The border guards asked me a few more questions at the front counter, where the non-terrorists were processed, and I was then put on a bus back to “my” side of the border. The use of the possessive when referring to Canada was something I took for granted prior to this, but what was about to happen would call into question my use of this grammatical and by extension, mental construct. On the Canadian side, I was met by a CBSA (Canada Border Services Agency) officer waiting as I exited the bus. I thought to myself “What a relief! I won’t need to wait in line just to go back.” I should quickly point out my emotional state at this juncture: pretty annoyed, but trying to grin and bear the ridiculousness of post-9/11 American hypocrisy. Being back with sane Canadians was a comfort. The CBSA officer knew my name and asked me to follow him. I was taken down a few corridors, signed some kind of document (mostly asking for my basic details), then suddenly I was asked to put my belt, shoe laces and personal effects into a zip lock bag. I was being detained.

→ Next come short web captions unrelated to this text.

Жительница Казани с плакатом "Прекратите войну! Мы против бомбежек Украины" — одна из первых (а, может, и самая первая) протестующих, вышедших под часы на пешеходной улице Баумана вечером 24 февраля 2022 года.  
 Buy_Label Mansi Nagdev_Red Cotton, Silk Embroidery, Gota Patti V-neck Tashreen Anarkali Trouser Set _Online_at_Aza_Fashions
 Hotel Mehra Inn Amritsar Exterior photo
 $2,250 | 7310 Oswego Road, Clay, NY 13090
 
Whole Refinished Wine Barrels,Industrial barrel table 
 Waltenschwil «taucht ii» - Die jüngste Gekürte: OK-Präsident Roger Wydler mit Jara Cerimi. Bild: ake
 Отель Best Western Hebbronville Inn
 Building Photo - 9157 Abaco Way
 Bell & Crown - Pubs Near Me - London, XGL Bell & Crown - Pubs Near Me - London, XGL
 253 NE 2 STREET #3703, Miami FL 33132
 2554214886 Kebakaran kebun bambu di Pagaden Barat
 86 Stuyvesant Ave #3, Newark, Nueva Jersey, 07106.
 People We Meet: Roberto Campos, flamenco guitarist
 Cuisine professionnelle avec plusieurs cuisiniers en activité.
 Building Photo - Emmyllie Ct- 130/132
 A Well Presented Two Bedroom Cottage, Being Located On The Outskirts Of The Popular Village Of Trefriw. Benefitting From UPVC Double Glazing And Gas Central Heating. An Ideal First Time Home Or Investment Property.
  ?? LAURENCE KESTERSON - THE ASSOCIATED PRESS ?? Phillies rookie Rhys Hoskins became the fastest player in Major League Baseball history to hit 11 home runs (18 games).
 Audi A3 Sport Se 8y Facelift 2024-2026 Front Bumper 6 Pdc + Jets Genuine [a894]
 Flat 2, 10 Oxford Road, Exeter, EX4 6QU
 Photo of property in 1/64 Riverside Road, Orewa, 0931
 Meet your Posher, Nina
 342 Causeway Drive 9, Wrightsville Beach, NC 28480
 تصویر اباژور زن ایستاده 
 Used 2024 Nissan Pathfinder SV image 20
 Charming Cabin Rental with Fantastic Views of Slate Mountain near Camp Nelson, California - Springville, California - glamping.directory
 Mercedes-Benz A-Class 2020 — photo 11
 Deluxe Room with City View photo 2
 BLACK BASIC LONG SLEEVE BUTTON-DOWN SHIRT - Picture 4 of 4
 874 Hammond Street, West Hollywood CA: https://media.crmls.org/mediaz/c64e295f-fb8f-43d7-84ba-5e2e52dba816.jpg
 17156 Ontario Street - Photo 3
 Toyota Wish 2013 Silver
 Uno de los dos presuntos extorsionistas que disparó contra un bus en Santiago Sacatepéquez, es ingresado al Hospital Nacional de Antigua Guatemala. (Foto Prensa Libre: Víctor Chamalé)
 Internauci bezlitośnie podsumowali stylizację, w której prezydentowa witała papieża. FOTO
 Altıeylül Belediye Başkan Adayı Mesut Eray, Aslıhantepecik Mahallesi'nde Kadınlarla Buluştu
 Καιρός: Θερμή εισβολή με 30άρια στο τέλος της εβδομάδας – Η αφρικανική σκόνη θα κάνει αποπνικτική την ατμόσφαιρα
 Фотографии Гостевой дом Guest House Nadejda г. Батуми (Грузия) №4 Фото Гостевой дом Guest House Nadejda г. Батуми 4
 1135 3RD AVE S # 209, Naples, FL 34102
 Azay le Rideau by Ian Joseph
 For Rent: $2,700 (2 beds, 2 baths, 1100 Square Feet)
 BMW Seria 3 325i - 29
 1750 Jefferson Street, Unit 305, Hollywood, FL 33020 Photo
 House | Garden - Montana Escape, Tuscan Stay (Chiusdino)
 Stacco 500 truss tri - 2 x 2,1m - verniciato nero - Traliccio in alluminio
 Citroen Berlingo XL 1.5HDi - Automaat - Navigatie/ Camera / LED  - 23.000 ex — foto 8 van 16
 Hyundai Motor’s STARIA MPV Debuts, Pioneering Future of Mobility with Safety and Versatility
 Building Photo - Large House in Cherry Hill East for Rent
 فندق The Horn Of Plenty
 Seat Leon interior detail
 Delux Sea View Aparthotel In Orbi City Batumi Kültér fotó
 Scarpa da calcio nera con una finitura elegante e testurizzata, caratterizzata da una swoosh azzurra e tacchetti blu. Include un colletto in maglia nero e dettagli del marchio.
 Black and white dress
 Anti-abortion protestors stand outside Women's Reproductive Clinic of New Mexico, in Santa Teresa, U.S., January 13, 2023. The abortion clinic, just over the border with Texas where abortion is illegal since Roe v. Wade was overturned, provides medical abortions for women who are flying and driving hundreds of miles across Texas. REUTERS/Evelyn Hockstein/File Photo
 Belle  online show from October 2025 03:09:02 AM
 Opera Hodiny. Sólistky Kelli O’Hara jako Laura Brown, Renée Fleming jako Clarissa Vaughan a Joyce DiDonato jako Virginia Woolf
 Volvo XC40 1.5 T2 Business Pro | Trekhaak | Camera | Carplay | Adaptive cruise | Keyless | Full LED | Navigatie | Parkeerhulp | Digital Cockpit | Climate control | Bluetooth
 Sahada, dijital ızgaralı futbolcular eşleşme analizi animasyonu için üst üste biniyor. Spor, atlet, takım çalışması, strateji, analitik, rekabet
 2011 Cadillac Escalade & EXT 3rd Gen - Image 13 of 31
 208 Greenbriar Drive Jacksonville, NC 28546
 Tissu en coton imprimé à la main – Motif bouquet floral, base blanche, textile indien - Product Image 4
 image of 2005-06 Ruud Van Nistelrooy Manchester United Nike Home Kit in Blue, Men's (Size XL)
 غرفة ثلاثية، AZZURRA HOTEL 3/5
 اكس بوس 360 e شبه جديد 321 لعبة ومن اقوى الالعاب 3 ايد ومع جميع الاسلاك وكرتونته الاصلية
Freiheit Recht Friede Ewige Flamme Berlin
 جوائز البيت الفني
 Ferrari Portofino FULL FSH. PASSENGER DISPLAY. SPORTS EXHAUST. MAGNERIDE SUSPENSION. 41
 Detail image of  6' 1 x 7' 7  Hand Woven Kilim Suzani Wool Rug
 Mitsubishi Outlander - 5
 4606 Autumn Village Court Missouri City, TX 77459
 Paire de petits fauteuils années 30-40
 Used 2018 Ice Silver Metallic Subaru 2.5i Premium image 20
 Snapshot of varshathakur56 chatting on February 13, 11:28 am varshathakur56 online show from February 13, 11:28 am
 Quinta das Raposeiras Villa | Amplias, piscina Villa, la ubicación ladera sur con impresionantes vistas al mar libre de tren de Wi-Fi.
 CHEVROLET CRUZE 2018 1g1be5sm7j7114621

The cell was gray. Temperature-wise, it wasn’t cold, but it had that institutional coldness of being too sterile. They asked me if I needed anything and proceeded to tell me that there was an outstanding warrant for me out of Toronto. I don’t even know how to describe the feeling at this point, but if you ever see an innocent person accused of something who seems to overreact, don’t hold that against them. I asked why and was told it was for SEXUAL ASSAULT. This is the type of charge that leaves a person ruined, even if they are found innocent. Everyone around them will always be left with that lingering doubt. Maybe they actually DID do it? I tried to think back to every girl I had ever kissed, made out with, tried to chat up. I cried. I panicked. After languishing in the cell for a few hours, I was told to report to Metro Police, but that I wasn’t considered a flight risk and as such was to be released… out into the crisp fall air of Windsor at 3am.
When I got back to Toronto, I knew I had to report to the police. As I made my way to 53 Division (I figured they were close to Forest Hill so they might be nicer than the jaded blue boys of 13 Division), I imagined never seeing my family from the outside again, I considered stopping for my last free taste of a donut or bowl of pho. When I got to the station, I entered, awash in terror. I approached the front desk with the steps of a man beyond hope. I gave them my name. They replied “Well, we don’t have anything about you in the system, so I don’t know what to do.” “Can I leave?” My last interaction with the system “I guess so.”
We often feel protected, shielded from all the evils of this world by our nations; especially in a developed, prosperous country like Canada. This becomes even more true for those of us who have never been forced to interact with the criminal justice system. My experience made me realize how fragile my position in the world really is.
Yes, I know the government didn’t technically break any rules. I’m not even that angry at the U.S., it is their prerogative to turn away whomever they wish. It is the Canadian government I feel betrayed by. Lied to, incarcerated, and finally discarded in a strange town in the wee hours of the morning. None of those things constitute breaking the rules.
Isn’t that, in itself, damning enough?